[Start of section]

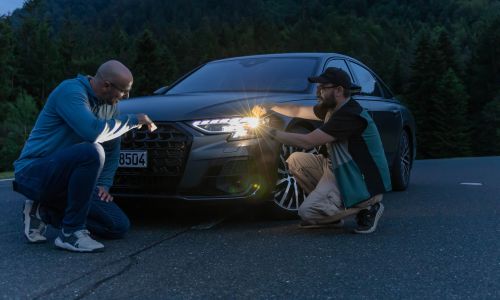 Tehnika: Projekcijska osvetlitev nočne vožnje v prenovljene audiju A8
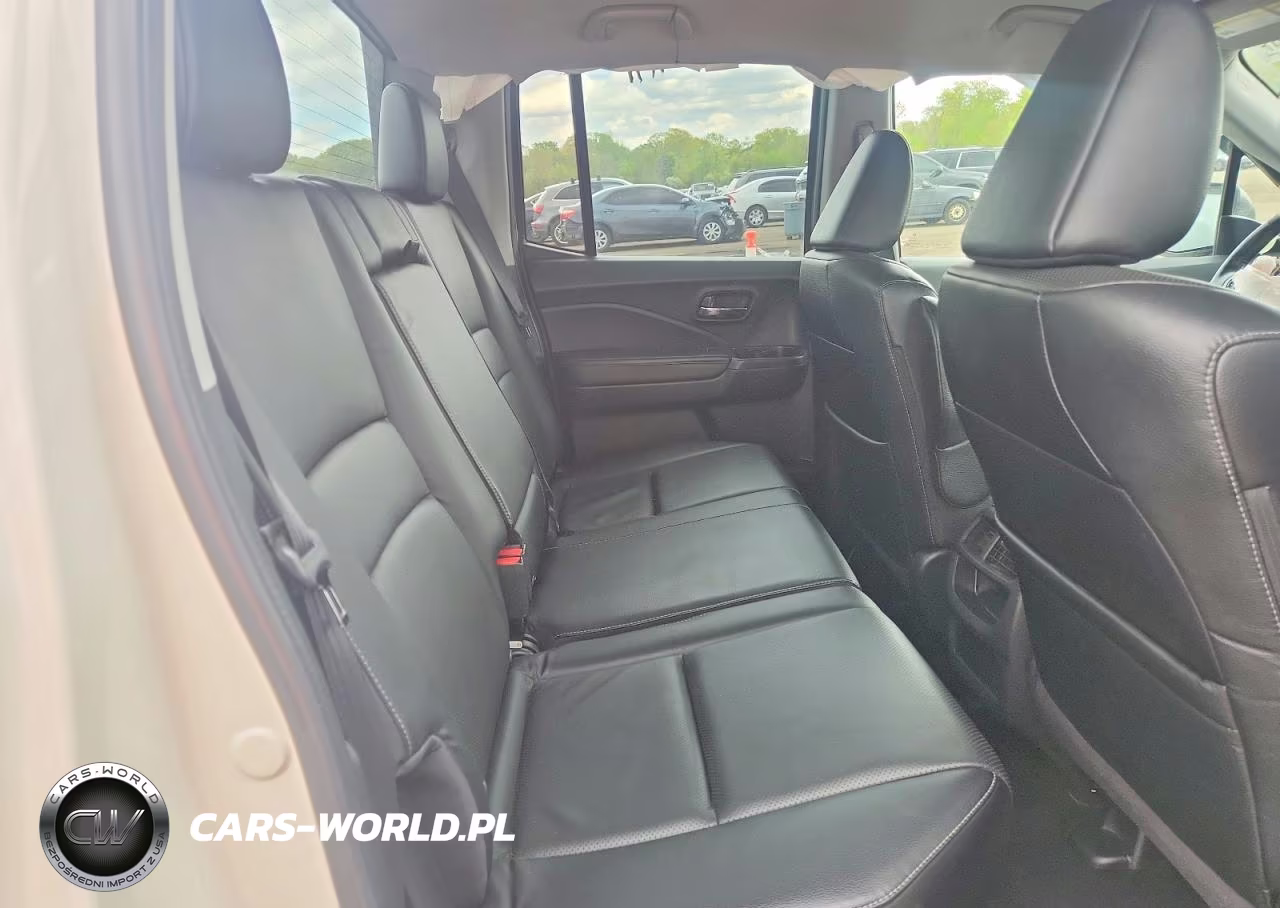 2017 Honda Ridgeline Rtl VIN:5FPYK3F61HB008817 - 10
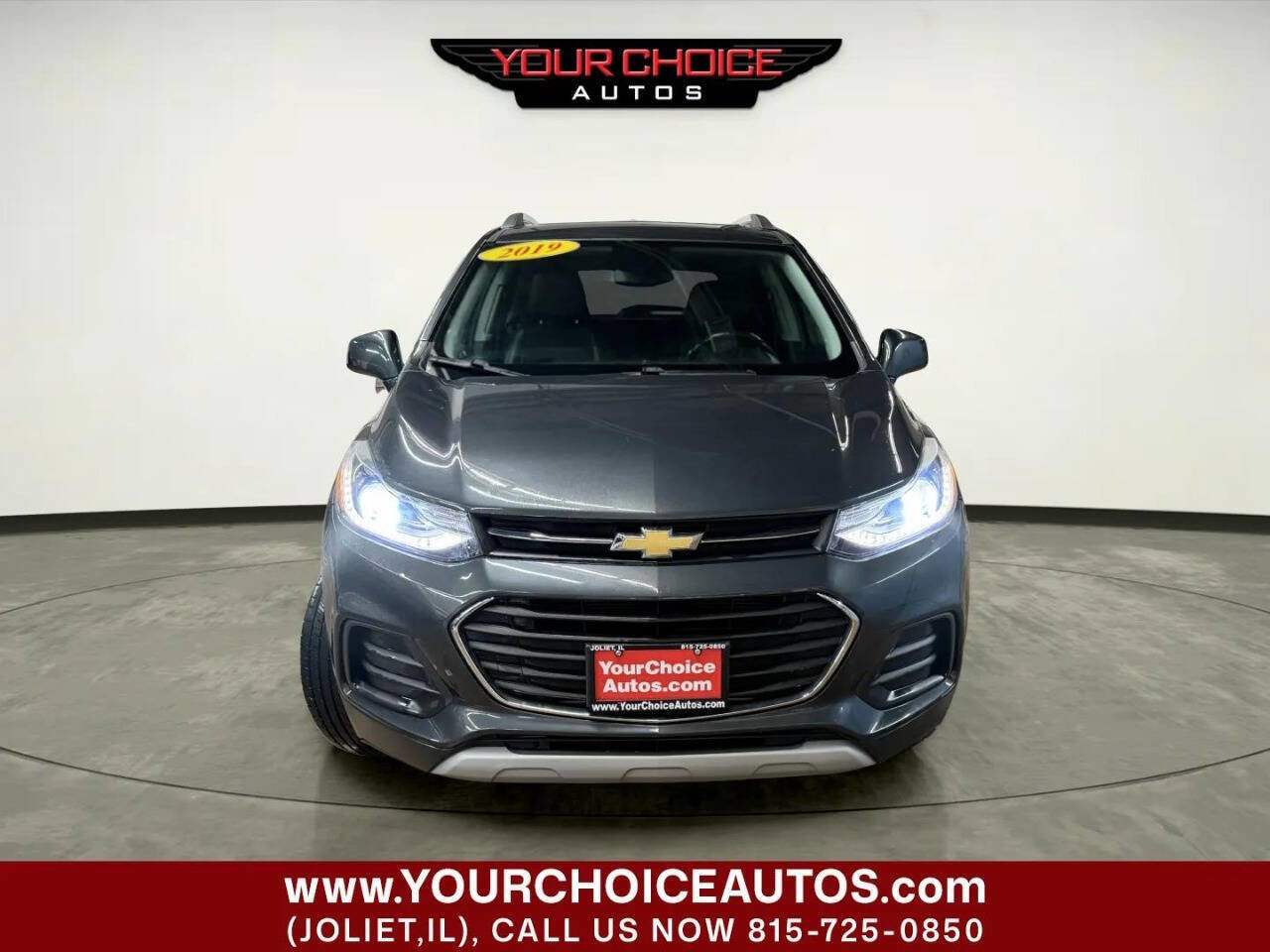 Used 2019 Chevrolet Trax LT w/ Sun & Sound Package AWD/4WD image 8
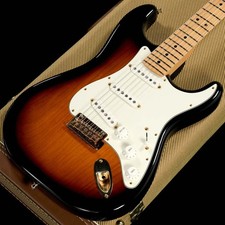 Fender 60TH Anniversary Commemorative Stratocaster 2-COLOUR Sunburst Used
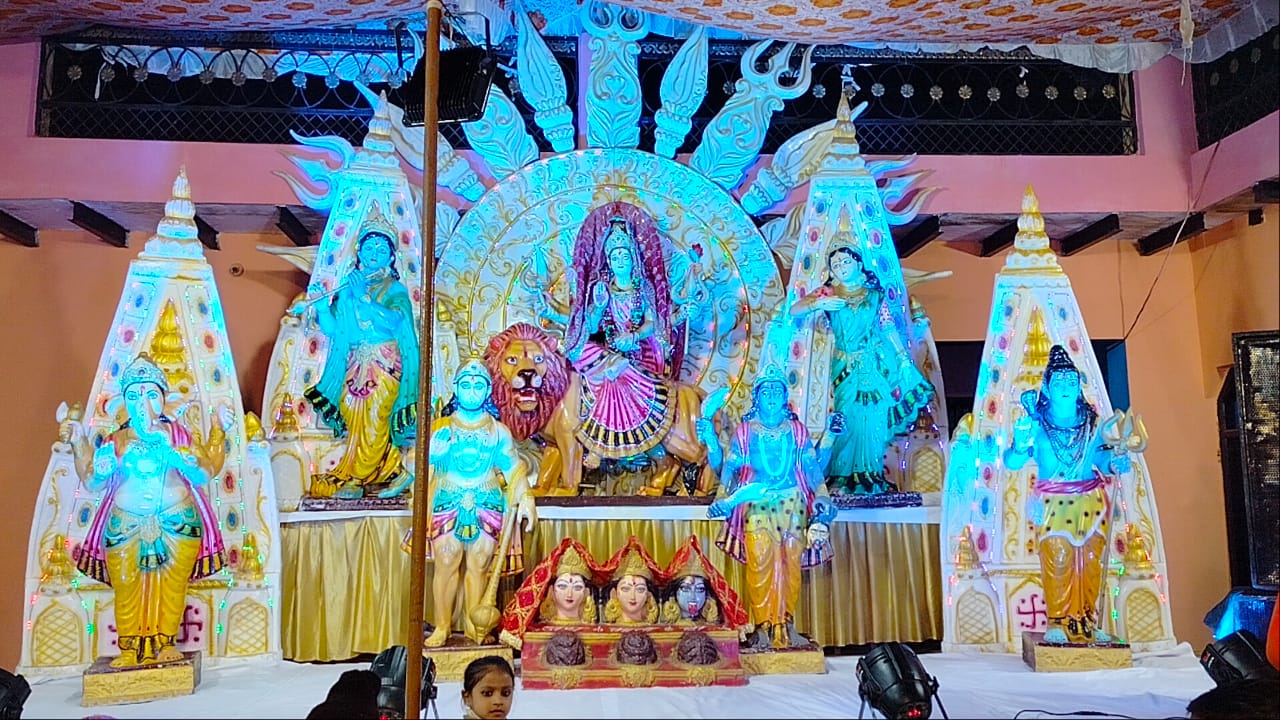 Devotional music performance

[End of section]

Task objective: Reproduce the listing exactly. Leave its pictures out.

Reply:
 Tehnika: Projekcijska osvetlitev nočne vožnje v prenovljene audiju A8
 2017 Honda Ridgeline Rtl VIN:5FPYK3F61HB008817 - 10
 Used 2019 Chevrolet Trax LT w/ Sun & Sound Package AWD/4WD image 8
 Fender 60TH Anniversary Commemorative Stratocaster 2-COLOUR Sunburst Used
 Devotional music performance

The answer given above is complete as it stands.